━━ Data shown
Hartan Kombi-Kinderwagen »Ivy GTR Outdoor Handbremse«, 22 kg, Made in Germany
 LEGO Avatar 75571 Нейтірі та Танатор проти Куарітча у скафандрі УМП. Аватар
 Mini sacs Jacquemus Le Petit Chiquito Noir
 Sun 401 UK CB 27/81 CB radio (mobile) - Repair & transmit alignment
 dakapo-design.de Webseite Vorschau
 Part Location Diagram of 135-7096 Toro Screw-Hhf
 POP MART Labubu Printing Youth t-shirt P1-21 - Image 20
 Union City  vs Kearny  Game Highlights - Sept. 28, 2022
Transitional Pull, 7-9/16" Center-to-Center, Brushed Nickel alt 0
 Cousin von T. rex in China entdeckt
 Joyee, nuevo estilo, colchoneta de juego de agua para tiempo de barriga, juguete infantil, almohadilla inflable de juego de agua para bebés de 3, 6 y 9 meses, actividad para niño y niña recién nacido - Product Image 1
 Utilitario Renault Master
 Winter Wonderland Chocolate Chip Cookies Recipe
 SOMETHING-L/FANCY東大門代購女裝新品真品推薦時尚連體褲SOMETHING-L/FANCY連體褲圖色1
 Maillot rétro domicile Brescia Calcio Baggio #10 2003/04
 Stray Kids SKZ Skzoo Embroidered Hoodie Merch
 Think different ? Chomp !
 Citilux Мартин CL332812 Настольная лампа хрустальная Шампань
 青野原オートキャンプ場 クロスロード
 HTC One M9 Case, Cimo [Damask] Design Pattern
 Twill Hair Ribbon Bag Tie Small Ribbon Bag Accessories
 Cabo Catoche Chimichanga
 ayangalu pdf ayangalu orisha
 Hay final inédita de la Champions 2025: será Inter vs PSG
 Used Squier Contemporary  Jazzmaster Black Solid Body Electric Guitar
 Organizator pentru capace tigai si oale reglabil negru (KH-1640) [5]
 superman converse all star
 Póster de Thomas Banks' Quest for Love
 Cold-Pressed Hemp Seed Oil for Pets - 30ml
━━━━
▶ **What this task involves**:
Your output must be the exact lines from the one containing "Póster de Thomas Banks' Quest for Love" through the end of the data above, both included, and nothing more.

▶ **Output for this task**:
 Póster de Thomas Banks' Quest for Love
 Cold-Pressed Hemp Seed Oil for Pets - 30ml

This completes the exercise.